No
tengo ni idea de nada o de casi nada. A medida que pasan los días,
los meses, los años, todo lo que creía saber parece más borroso.
Es como si la línea que separa los opuestos se difuminara tanto que
me siento incapaz de decir qué está bien y qué está mal. Sé lo
que me gusta y lo que no, lo que me duele y lo que me hace feliz, sé
lo que no quiero y lo que sí, pero al mismo tiempo, me siento
incapaz de juzgar porque comprendo cada día más mis errores y los
ajenos.
Con
el tiempo me he dado cuenta que muchas veces no hay un camino
correcto y que las personas que a veces nos parecen más horribles
son las que más heridas arrastran… Corrijo, tampoco es real, las
que menos han podido superar esas heridas y más dolor almacenan. He
conocido personas que han sufrido en sus vidas enormes tragedias y
que son capaces de mirarte todavía con ese brillo en los ojos e ir
por la vida respetando.
Y he encontrado otras que han sido incapaces
de superar algunas situaciones que no parecen de la misma
envergadura… Corrijo de nuevo, no me lo parecen a mí, pero no sé
con qué herramientas a nivel emocional cuenta esa persona para poder
superar esas situaciones ni puedo valorarlo porque ni tengo
suficiente información ni estoy en su piel. Juzgamos tanto todo el
rato que se hace difícil separar la realidad de la interpretación.
Aunque
no sé nada. No me atrevo a afirmar si esto es bueno y aquello no
porque hace mucho tiempo que intento arrancarme las etiquetas que me
pusieron y no quiero pegárselas a otros ni siquiera a las
situaciones de la vida… Juzgar nos recorta las posibilidades.
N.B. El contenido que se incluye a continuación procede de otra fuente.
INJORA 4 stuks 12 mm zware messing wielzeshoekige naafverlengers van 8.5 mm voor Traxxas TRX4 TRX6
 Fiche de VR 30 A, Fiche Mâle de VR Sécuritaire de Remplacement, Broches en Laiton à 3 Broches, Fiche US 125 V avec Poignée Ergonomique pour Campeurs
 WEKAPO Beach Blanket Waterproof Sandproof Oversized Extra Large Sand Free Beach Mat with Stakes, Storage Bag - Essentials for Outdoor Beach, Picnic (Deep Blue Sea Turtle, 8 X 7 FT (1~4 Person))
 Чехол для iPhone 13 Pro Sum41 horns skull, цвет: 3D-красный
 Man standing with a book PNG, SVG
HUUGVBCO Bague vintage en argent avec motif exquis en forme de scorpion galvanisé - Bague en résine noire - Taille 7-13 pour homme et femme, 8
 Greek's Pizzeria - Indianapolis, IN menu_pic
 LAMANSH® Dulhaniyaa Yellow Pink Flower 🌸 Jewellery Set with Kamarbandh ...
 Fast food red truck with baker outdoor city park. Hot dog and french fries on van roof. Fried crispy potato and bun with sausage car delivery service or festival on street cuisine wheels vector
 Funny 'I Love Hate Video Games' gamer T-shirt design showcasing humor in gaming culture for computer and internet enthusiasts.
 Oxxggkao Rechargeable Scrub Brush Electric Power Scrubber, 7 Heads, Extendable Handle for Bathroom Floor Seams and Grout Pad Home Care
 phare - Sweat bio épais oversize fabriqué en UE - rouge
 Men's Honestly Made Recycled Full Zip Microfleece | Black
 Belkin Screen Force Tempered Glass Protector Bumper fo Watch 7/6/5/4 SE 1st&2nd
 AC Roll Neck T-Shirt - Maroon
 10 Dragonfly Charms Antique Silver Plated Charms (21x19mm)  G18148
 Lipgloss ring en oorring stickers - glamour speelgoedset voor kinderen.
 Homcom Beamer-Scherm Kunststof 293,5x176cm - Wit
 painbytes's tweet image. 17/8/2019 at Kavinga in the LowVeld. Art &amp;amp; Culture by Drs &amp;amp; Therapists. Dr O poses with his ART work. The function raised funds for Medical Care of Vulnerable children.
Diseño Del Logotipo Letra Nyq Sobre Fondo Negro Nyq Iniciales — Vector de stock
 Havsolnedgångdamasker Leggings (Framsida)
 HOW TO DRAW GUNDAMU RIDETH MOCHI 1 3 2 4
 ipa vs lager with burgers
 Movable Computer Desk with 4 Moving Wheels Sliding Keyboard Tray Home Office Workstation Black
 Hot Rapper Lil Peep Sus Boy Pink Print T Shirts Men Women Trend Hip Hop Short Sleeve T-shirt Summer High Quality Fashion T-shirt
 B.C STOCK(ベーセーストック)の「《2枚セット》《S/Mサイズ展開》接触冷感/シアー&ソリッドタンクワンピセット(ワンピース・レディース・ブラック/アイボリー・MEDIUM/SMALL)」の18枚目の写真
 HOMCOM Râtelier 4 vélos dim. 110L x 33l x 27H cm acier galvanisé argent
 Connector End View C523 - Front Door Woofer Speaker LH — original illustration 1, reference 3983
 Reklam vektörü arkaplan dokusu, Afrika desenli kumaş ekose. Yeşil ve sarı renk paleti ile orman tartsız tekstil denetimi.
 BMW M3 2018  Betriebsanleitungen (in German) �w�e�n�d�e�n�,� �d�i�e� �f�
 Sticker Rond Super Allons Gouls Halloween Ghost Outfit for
Es
verdad, es un gran mecanismo de alerta que en muchas ocasiones puede
salvarnos la vida, pero en el día a día, cuando algo sucede,
ponerle enseguida una etiqueta, nos obliga a ver todo lo que acontece
a partir de ese momento de una forma u otra. La percepción que
tenemos de las cosas las determina en cierta forma.
Vivimos
en una realidad en la que el iracundo siempre será iracundo y el
amable siempre será amable porque en nuestra mente no queda otra
opción. Con ello, no eximo a nadie de su responsabilidad, por
supuesto, las personas viven las consecuencias de sus actos y
decisiones, pero la forma en que nosotros vivimos lo que otros hacen
también determina nuestra experiencia. No podemos hacer nada para
cambiar su comportamiento pero sí que podemos elegir estar a sus
expensas o no y vivirlo de una forma u otra.
Cuando
etiquetamos a otros con nuestros juicios también nos etiquetamos a
nosotros respecto a ellos. La previsión que hacemos de nuestra
realidad acaba determinándola. Y no me refiero a lo que va a suceder
en ella, sino a cómo vamos a percibir lo que sucede.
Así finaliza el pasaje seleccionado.